This is pretty well written, short and simple, and you’ve pretty much hit the nail on the head. I’d like to note, my script (GameTree) is a little outdated at this point, and I wouldn’t rely on it catching anything recently made due to very common obfuscation techniques now being used. I was thinking about writing a much more advanced plugin sandbox tool to replace GameTree, however I unfortunately am not sure when or if I’ll have time.
On the topic of obfuscated scripts, you can actually view what these scripts do with not too much hassle. You probably will see a lot of weird numbers and backslashes. This is simply a way of rewriting text within a string. Each individual character has its own number, like an id. You can simply copy any text you see and run print with that text in the middle. Additionally, a lot of obfuscated code now uses string.reverse. You can pretty much just copy and paste this exactly how you see it and print it out to see what the text really is.

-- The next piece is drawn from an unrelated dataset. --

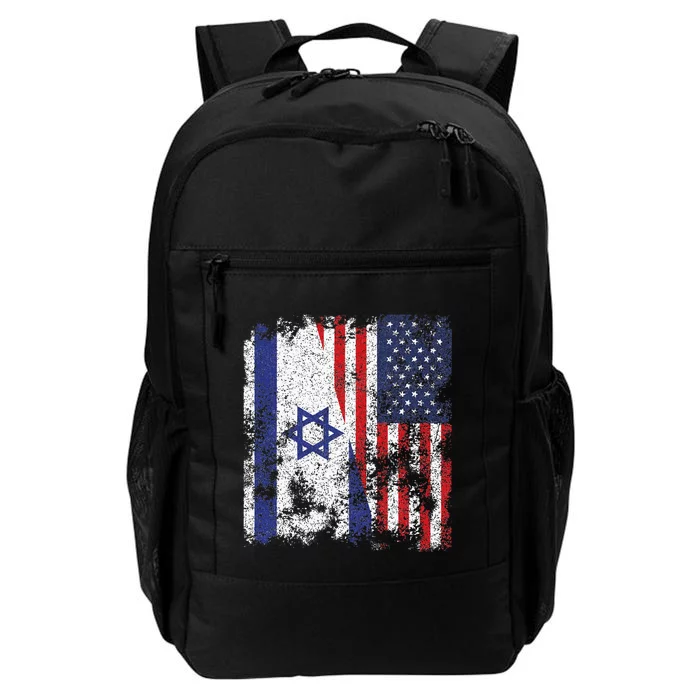 Israel USA Flag Distressed Half American Daily Commute Backpack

getfenv is a way scripts can access different, common code with text. For example, getfenv().game will try to access the game instance which is used by code. This also includes certain function, such as require. Using square brackets is a way to simply insert text, or some value from somewhere else instead of typing it normally. This is used in combination with what I mentioned above to hide code.

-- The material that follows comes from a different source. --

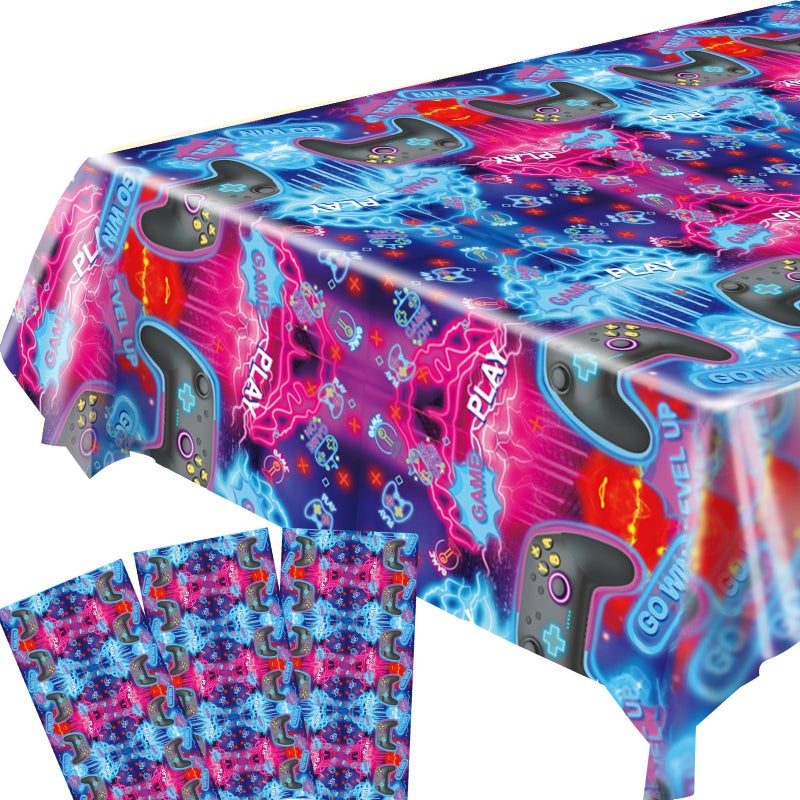 Idealmuzik 3pcs Video Game Tablecloth, Game Theme Birthday Decorations Supplies, Plastic Tablecloth, Rectangular Racetrack Tablecloth, Gamer TableCovers for Kids, 54 x 108 Inch - Image 1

Here’s an example of what you might see:
getfenv()[string.reverse("eriuqer")](1000*56/10*16)
You may also, like I said, see weird backslashes and numbers instead of something that looks like text. Again, this is just a way of writing text, and in this case it would be used to hide, aka obscure what the script is doing. You can simply take the portion within the square brackets, read to see what you think it’s doing, and simply put it within the parentheses in print(). In this case, assuming you copied everything, you’d see “require” in the output window (which you should generally have enabled, however if you don’t, you can find it in the View tab at the top of studio)

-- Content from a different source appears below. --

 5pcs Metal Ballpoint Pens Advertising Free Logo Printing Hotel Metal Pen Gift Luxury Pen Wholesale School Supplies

Now, finally, I’ll explain what require is. You may be familiar with what an “asset” is on Roblox. If you’re not, it’s simply something, code, model, place, gamepass, etc that has been uploaded to Roblox. Every asset on Roblox has a unique number given to it. What require does, is essentially it can be given an asset id (the number of an asset) and it can then load that asset (require it) into the game. If that asset meets certain conditions (being a free model with a ModuleScript named MainModule) it can be ran like a script.
The reason that these malicious “backdoors” are inserted into your game is because the owner of those modules can essentially change what code is a part of their module (the thing being required). This allows them to run code on your game just like any script in your game. It also allows them to load in their own asset, code, models, etc without your knowledge. Obviously, you can see why this would be bad.
Hopefully this helps explain what backdoors are, what obfuscation does, and all of that.